To evaluate my hypothesis that females have worse treatment effectiveness compared to males in patients with axial spondyloarthritis, I wish to investigate reasons for discontinuation in addition to treatment retention rates.
First, I used Kaplan-Meier plots to investigate treatment survival and stratified by sex. This resulted in a highly significant and clinically relevant result.
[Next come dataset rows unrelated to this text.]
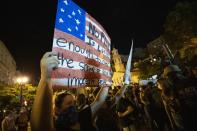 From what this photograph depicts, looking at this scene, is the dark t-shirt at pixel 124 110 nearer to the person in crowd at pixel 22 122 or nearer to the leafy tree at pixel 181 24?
the person in crowd at pixel 22 122

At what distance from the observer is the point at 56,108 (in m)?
3.46

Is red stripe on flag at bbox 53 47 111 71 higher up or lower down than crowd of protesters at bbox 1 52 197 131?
higher up

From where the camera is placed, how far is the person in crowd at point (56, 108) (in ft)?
7.29

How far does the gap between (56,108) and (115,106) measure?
4.41 metres

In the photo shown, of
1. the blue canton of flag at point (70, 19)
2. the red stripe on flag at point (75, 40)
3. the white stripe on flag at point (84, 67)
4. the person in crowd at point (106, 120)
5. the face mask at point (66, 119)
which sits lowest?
the person in crowd at point (106, 120)

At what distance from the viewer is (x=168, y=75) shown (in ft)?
19.4

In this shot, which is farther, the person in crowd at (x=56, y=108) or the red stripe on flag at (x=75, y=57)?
the red stripe on flag at (x=75, y=57)

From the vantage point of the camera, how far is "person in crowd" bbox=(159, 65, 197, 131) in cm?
570

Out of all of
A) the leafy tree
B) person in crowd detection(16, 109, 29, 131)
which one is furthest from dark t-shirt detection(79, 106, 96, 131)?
the leafy tree

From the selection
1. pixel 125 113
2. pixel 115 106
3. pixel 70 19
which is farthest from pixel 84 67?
pixel 125 113

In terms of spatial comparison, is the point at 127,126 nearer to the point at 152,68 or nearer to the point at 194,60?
the point at 194,60

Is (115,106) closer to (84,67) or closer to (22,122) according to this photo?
(84,67)

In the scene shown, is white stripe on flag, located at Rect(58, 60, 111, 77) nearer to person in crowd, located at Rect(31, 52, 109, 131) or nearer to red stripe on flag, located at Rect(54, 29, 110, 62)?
red stripe on flag, located at Rect(54, 29, 110, 62)

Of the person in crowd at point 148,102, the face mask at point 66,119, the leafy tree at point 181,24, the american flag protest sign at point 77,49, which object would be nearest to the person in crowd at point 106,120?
the american flag protest sign at point 77,49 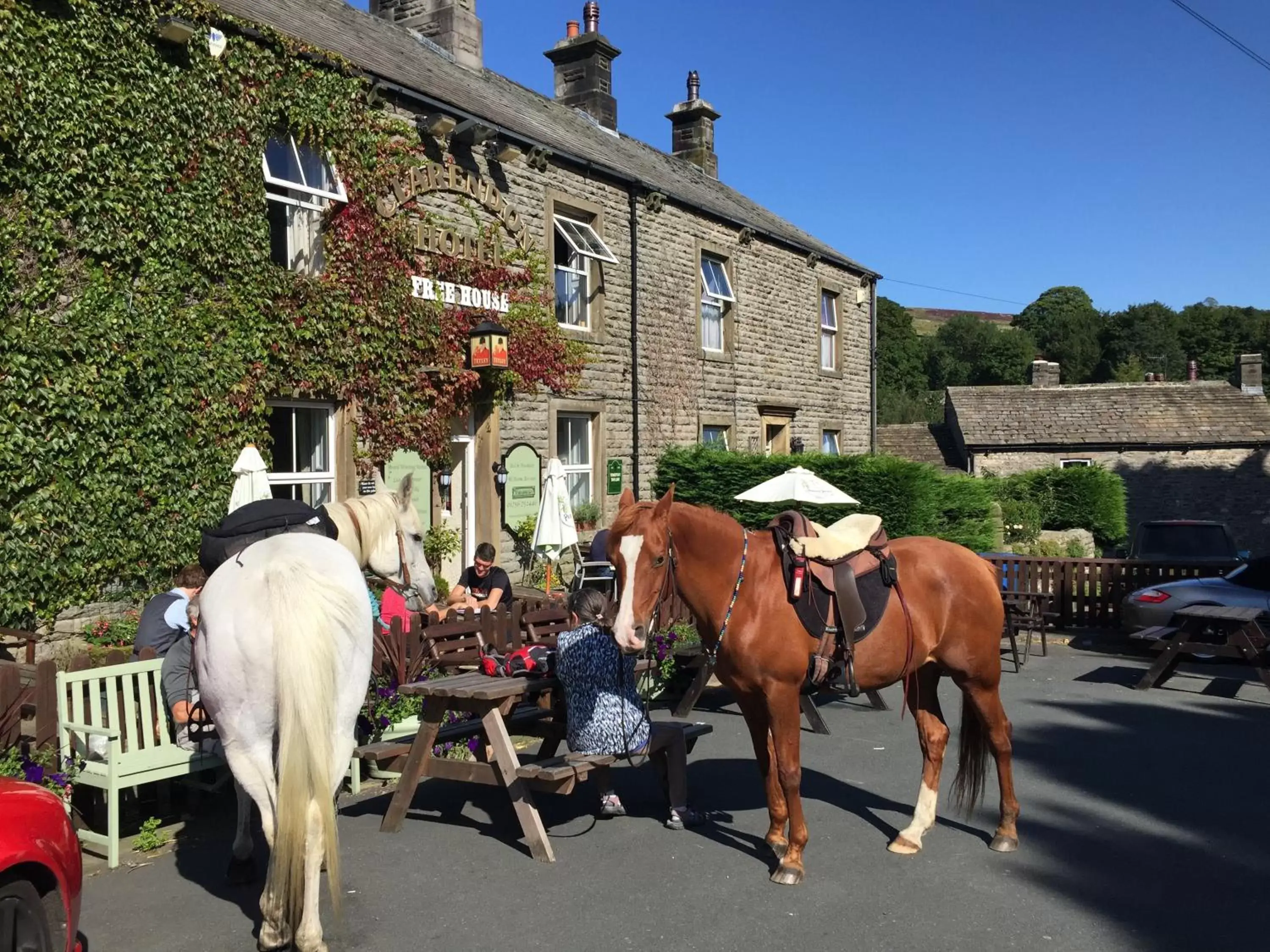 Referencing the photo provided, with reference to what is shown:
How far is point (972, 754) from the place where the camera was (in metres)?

Second, I quantified this risk through univariable and multivariable Cox proportional-hazards model and assessed females' HR risk for discontinuation of treatment.
Now I wish to investigate my following outcome: reasons for discontinuation of treatment, classified as lack of efficacy (LE), adverse events (AE), other, and remission (RE).
Approach 1: Recode reasons for discontinuation into a new variable, with LE as 1 rest as 0. Similarly, recode a new variable with AE as 1 and the rest as 0. Use logistic regression (2x) to evaluate the probability of having AE/LE, compare between sexes, and calculate relative risk and risk difference.
Approach 2: Use the Cox proportional-hazards model with the same variable "time" as in the first analysis, but now recode "event AE" as 1 and censor observations as 0 if it is other than AE. Similarly, the same for LE. Then calculate females' risk for adverse events and lack of efficacy (i.e., HR) compared to males.
Which approach is more sensible? Is another approach better?